More likely than not, you’ve heard someone use the term “NFC” before. Even more likely, the smartphone some of you are reading this article on has an NFC chip inside. See for yourself. Go ahead, I’ll wait.
But if you’re like most people, you still have no clue what NFC really is and what in the world you can use it for. Let’s change that.
What is NFC?
NFC is a wireless technology that uses radio waves to let devices exchange small amounts of data over a very short distance. We’re talking max 10 centimeters (4 inches).
So it’s sort of like Bluetooth or Wi-Fi but with a much shorter range, right? Yup, except NFC establishes connection almost instantaneously and requires no cumbersome setup process whatsoever. You literally just tap the two NFC devices together or wave them close to each other. That’s it. They’re connected.
NFC also needs a lot less power than either Bluetooth or Wi-Fi, which means NFC chips can be used without a major battery source in things like, say, wall posters. You’d just have to wave your phone in front of a poster to read what’s on its NFC chip. (You may look like a weirdo to onlookers, but that’s a whole other story.)
NFC has evolved from an older wireless protocol called Radio-Frequency Identification (RFID), which functions as an electronic identifier and has many commercial uses. While RFID chips only transmit a signal in one direction, NFC chips can both receive and send data.
Here’s a TL;DR video primer about NFC for those who are in a hurry:
The three NFC modes
Presently, NFC has three modes of operating:
- Peer-to-peer: This is when two NFC devices share data back and forth, so that you and your friend can quickly send cat memes to each other.

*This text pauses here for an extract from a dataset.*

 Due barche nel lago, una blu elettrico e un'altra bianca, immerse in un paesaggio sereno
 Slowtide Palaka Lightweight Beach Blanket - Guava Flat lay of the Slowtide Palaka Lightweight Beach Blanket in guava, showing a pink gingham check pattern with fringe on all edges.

- Read/write: This is when one active device picks up info from a passive one. Refer to the wall poster example above.
- Card emulation: This turns your NFC device into a contactless card so you can pay for your groceries or your bus ride by simply holding it up to a compatible NFC reader.
What can I use NFC for?
Lots of things, actually. NFC tech is still mostly in its infancy, so we’ll probably see many practical applications in the future. Here are just a few examples:
- Wireless wallet: Easily pay for purchases, from concert tickets to public transport to occult voodoo dolls, if that’s your thing. To enable this, Android NFC phones use Google Wallet, iPhone 6 uses Apple Pay, and Windows phones are rumored to start using NFC in combination with Microsoft Payments. In the not-too-distant future, credit cards will be a thing of the past.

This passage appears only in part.